Ele tinha aqueles 19 sequestradores, em sua maioria sauditas, uma dispersão de apoiadores em outras partes do mundo, e os “campos de treinamento” no Afeganistão, mas o seu movimento era irregular e com falta de pessoal. E tenhamos em mente que o seu inimigo jurado era o país que então se orgulhava de ser a última superpotência, o vencedor final da disputa imperial que durou cinco séculos até que, em 1991, a União Soviética implodiu.
A questão era: com recursos tão limitados, a que tipo de comportamento autodestrutivo poderia ele incitar uma Washington triunfalista? A chave seria o que poderia ser chamado de humilhação apocalíptica.
Olhando para trás, 16 anos depois, é extraordinário como o 11 de Setembro de 2001 estabeleceu o padrão para tudo o que se seguiu. Cada novo acto de incitamento, do Afeganistão à Líbia, de San Bernardino a Orlando, do Iraque ao Níger, cada nova humilhação desencadearia ainda mais do mesmo comportamento em Washington.
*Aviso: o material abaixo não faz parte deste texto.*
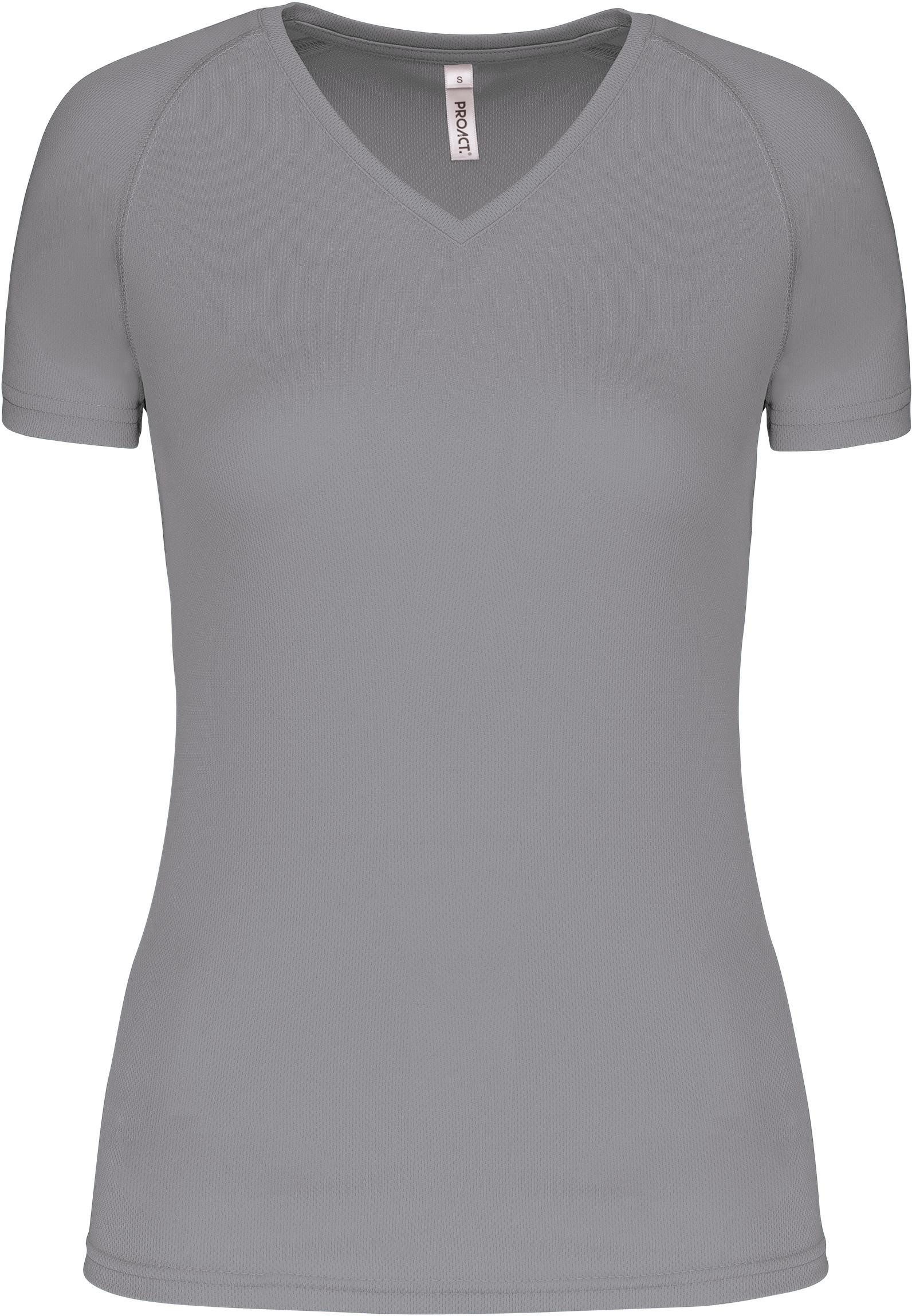 Trainingsshirt Damen Kurzarm-Sportshirt mit V-Ausschnitt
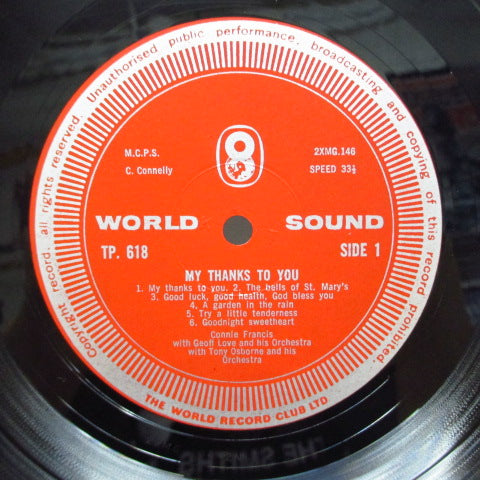 CONNIE FRANCIS - My Thanks To You (UK 60's WRC Re Stereo LP/CFS)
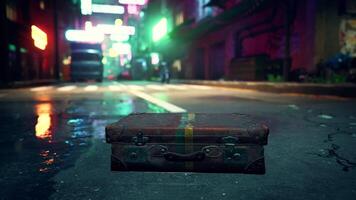 A suitcase sitting on the side of the road video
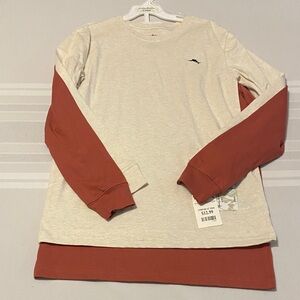Set of Boys Tommy Bahama Beige and Rust Long Sleeve Shirts size 10/12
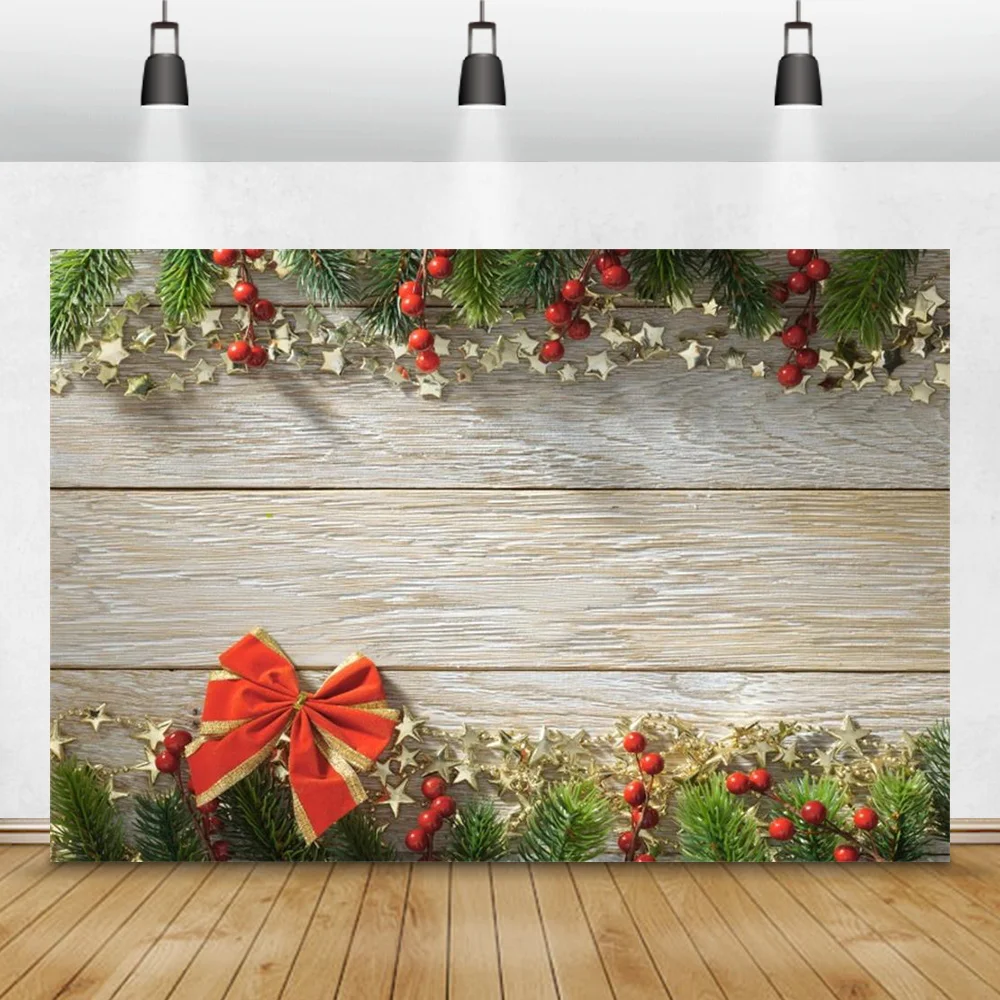 Kerst Houten Achtergrond Planken Board Grenen Bladeren Fotografie Achtergrond Kinderen Portret Familie Photocall Poster Foto Studio
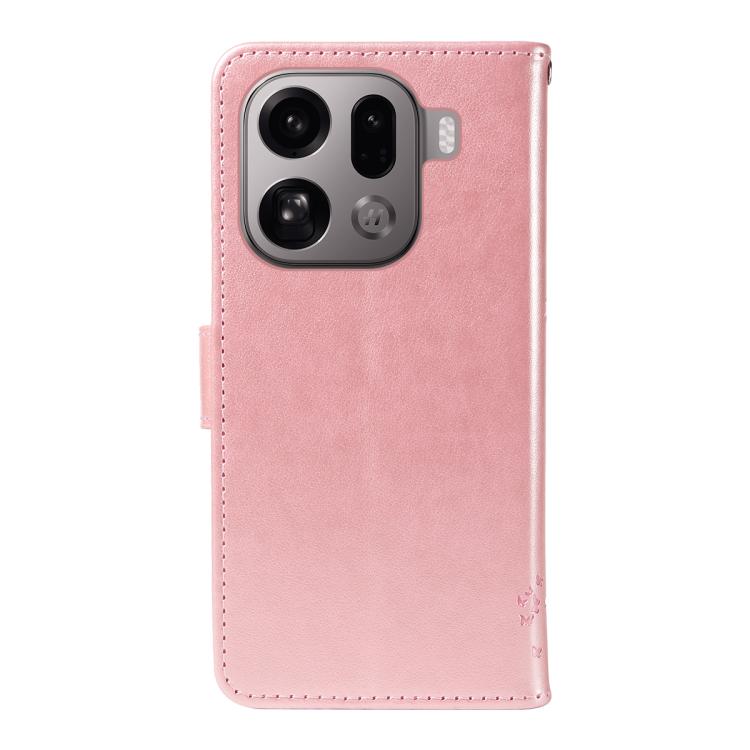 For OPPO Find X9 Pro Tree & Cat Embossed Pattern Flip Leather Phone Case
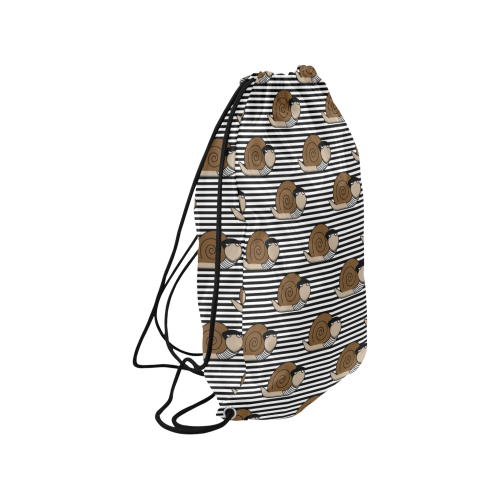 Escargot ~ French Snail Small Drawstring Bag Model 1604 (Twin Sides) 11"(W) * 17.7"(H)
Afinal de contas, muitas pessoas e instituições – acima de tudo, os militares dos EUA e o resto do estado de segurança nacional – passaram a ter interesse na versão do nosso mundo de Osama bin Laden.
Humilhação Apocalíptica
Por mais sombrios que tenham sido os ataques de 9 de Setembro, com quase 3,000 civis mortos, seriam apenas o início do “sucesso” de Bin Laden, que, na verdade, nunca terminou. A frase daquele momento – que o 9 de Setembro “mudou tudo” – revelou-se muito mais devastadoramente precisa do que nós, americanos, imaginávamos na altura. Entre outras coisas, transformou o país de formas essenciais.
Afinal, Osama bin Laden conseguiu envolver os Estados Unidos em 16 anos de guerras infrutíferas, a maioria agora Conflitos “geracionais” sem fim à vista, o que apenas encorajaria a criação e propagação de grupos terroristas, a desintegração da ordem em partes significativas do planeta e a deslocamento de populações inteiras em impressionante números. Ao mesmo tempo, ajudou a transformar a Washington do século XXI numa máquina de guerra de primeira ordem que comeu o resto do governo ao almoço. Ele deu ao Estado de segurança nacional os meios – a desculpa, por assim dizer – para ascender a uma espécie de poder, proeminência e financiamento que de outra forma poderia ter sido inconcebível. No processo – concretizando sem dúvida os seus sonhos mais loucos – ajudou a acelerar o declínio do mesmo país que, desde o fim da Guerra Fria, se vinha a afirmar como o maior de sempre.
Em outras palavras, ele pode realmente ser o gênio (maligno) da nossa época. Ele criou uma versão terrorista de chamada e resposta que ainda governa a Washington de Donald Trump, na qual o generais destruídos da América guerras destruídas numa cada vez mais planeta destruído agora reine supremo. Por outras palavras, Donald, o secretário da Defesa, James “Mad Dog” Mattis, o chefe de gabinete da Casa Branca, John Kelly, e o conselheiro de Segurança Nacional, HR McMaster, foram o presente sombrio de Osama bin Laden para o resto de nós. Graças a ele, literalmente trilhões dos dólares dos contribuintes iriam por água abaixo em guerras notavelmente inúteis e Golpes de “reconstrução” no estrangeiro que agora ameaçam alimentar-se uns dos outros até algo como o fim dos tempos (americanos).
Claro, ele teve um pouco de sorte no processo. Para começar, ninguém, nem mesmo os próprios conspiradores do 9 de Setembro, poderia ter imaginado que aquelas torres em Manhattan iriam ruir diante das já omnipresentes câmaras da época, de uma forma que criaria imagens tão classicamente apocalípticas. Como o estudioso Paul Boyer uma vez discutiu, na sequência de Hiroshima e Nagasaki, os americanos nunca deixaram de sonhar com um ataque nuclear a este país. Nossa cultura pop estava repleta de imagens assim, de pesadelos. Naquele dia de setembro, muitos americanos sentiram subitamente como se algo assim tivesse finalmente acontecido. Não foi por acaso que, dentro 24 horas, a área do centro de Manhattan onde estavam os cacos dessas torres seria apelidada de “Ground Zero”, um termo anteriormente reservado para o local onde ocorreu uma explosão nuclear, ou que Tom Brokaw, âncora da cobertura noticiosa ininterrupta da NBC, iria afirmam que foi “como um inverno nuclear na parte baixa de Manhattan”.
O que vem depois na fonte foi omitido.